**TASK OBJECTIVE**
What's wanted is a faithful retyping of every entry, pictures excluded.

--- STUDY MATERIAL ---

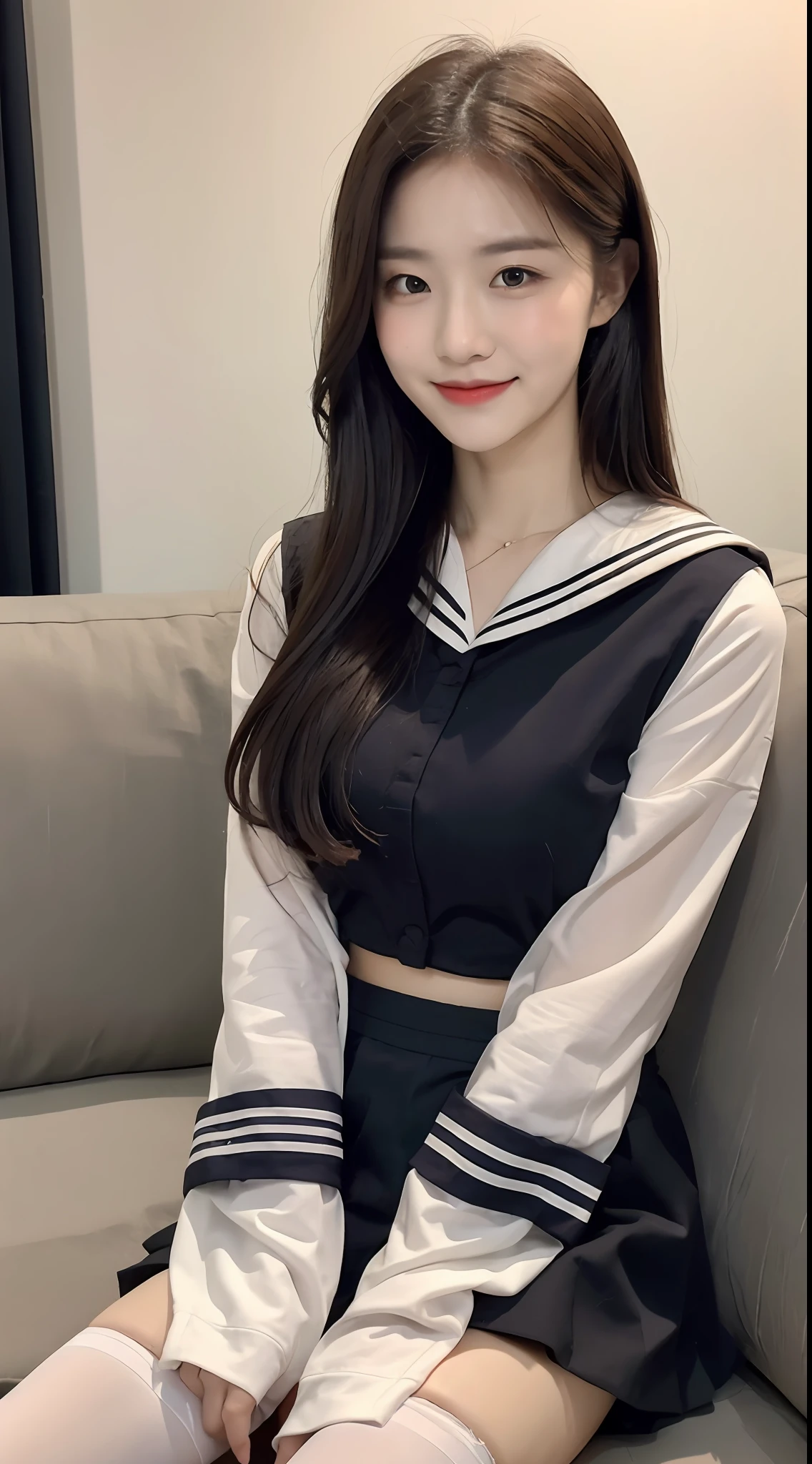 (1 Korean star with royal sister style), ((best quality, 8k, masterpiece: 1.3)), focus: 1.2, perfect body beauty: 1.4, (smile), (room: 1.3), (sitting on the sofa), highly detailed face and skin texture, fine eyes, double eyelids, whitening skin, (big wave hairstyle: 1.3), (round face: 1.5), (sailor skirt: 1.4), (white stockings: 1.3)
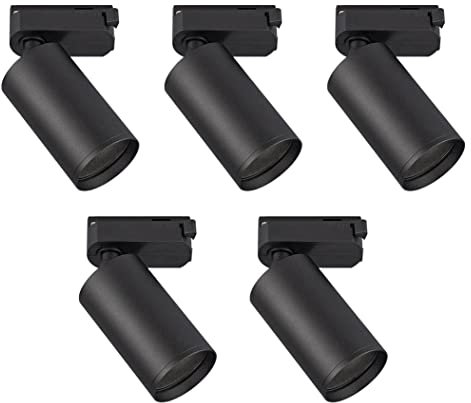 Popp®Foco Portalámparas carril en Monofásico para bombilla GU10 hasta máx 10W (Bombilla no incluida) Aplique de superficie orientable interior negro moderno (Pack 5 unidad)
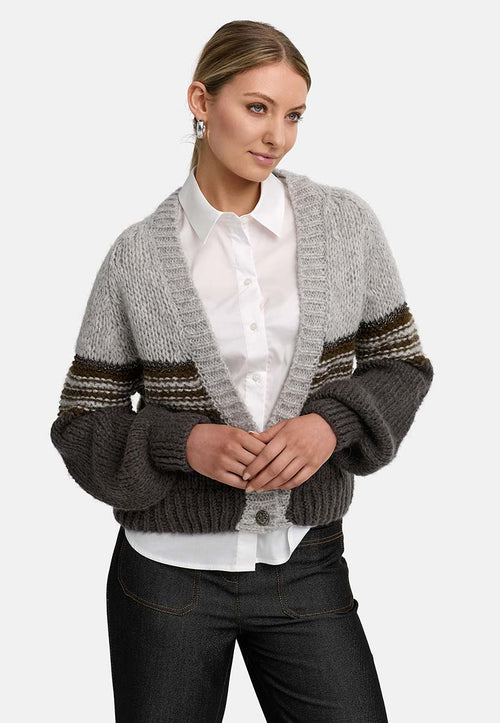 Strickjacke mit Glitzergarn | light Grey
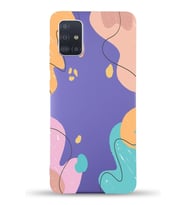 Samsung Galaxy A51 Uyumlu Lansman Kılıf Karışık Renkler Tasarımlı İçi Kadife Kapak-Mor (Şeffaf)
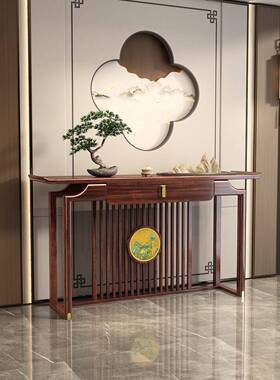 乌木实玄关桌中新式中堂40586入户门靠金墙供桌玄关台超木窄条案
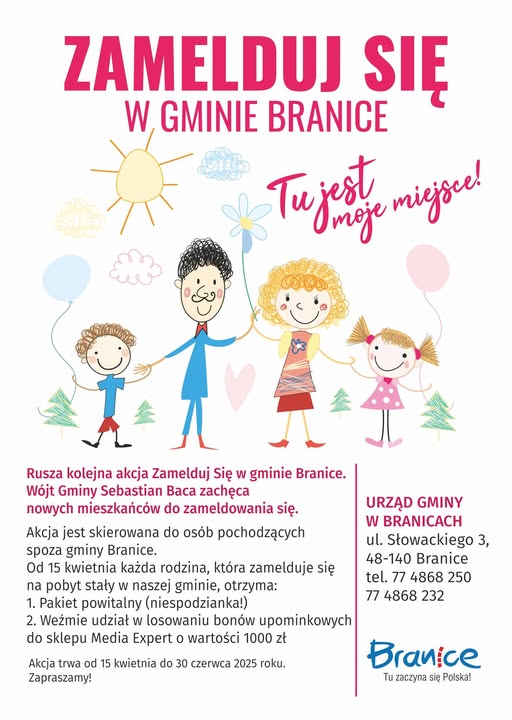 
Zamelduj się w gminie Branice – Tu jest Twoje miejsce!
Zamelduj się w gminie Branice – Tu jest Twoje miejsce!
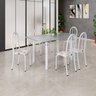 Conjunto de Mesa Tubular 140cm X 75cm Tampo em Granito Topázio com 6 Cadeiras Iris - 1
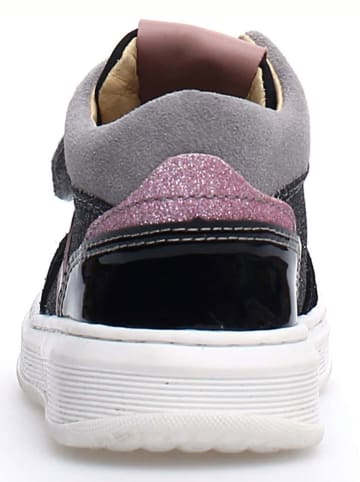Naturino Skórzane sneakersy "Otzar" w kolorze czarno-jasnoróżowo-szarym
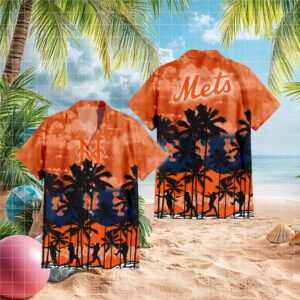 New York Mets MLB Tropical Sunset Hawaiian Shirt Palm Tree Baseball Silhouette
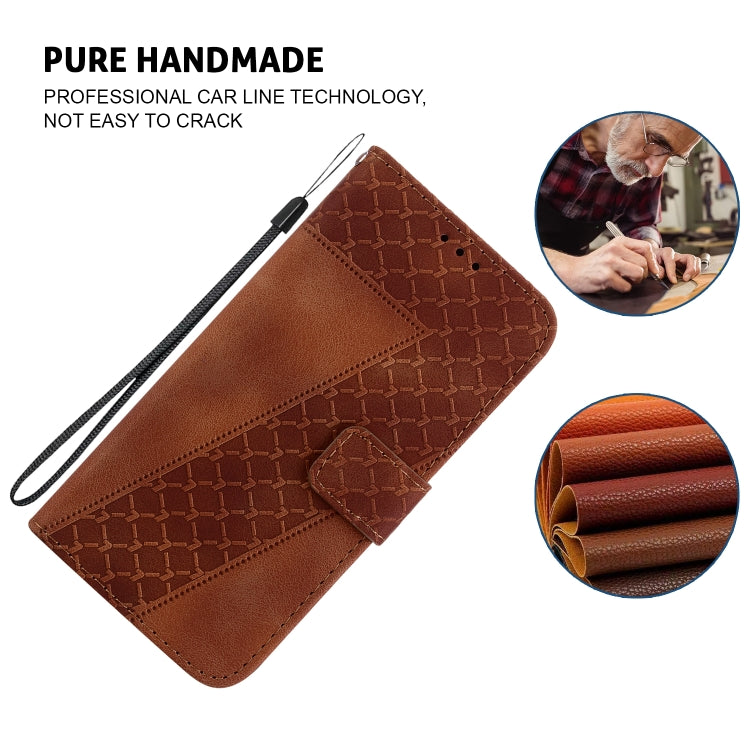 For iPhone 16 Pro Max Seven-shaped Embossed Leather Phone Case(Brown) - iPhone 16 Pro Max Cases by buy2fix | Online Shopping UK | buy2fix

---

**RESPONSE TO THIS EXERCISE**
 (1 Korean star with royal sister style), ((best quality, 8k, masterpiece: 1.3)), focus: 1.2, perfect body beauty: 1.4, (smile), (room: 1.3), (sitting on the sofa), highly detailed face and skin texture, fine eyes, double eyelids, whitening skin, (big wave hairstyle: 1.3), (round face: 1.5), (sailor skirt: 1.4), (white stockings: 1.3)
 Popp®Foco Portalámparas carril en Monofásico para bombilla GU10 hasta máx 10W (Bombilla no incluida) Aplique de superficie orientable interior negro moderno (Pack 5 unidad)
 Strickjacke mit Glitzergarn | light Grey
 Samsung Galaxy A51 Uyumlu Lansman Kılıf Karışık Renkler Tasarımlı İçi Kadife Kapak-Mor (Şeffaf)
 乌木实玄关桌中新式中堂40586入户门靠金墙供桌玄关台超木窄条案
Zamelduj się w gminie Branice – Tu jest Twoje miejsce!
Zamelduj się w gminie Branice – Tu jest Twoje miejsce!
 Conjunto de Mesa Tubular 140cm X 75cm Tampo em Granito Topázio com 6 Cadeiras Iris - 1
Naturino Skórzane sneakersy "Otzar" w kolorze czarno-jasnoróżowo-szarym
 New York Mets MLB Tropical Sunset Hawaiian Shirt Palm Tree Baseball Silhouette
 For iPhone 16 Pro Max Seven-shaped Embossed Leather Phone Case(Brown) - iPhone 16 Pro Max Cases by buy2fix | Online Shopping UK | buy2fix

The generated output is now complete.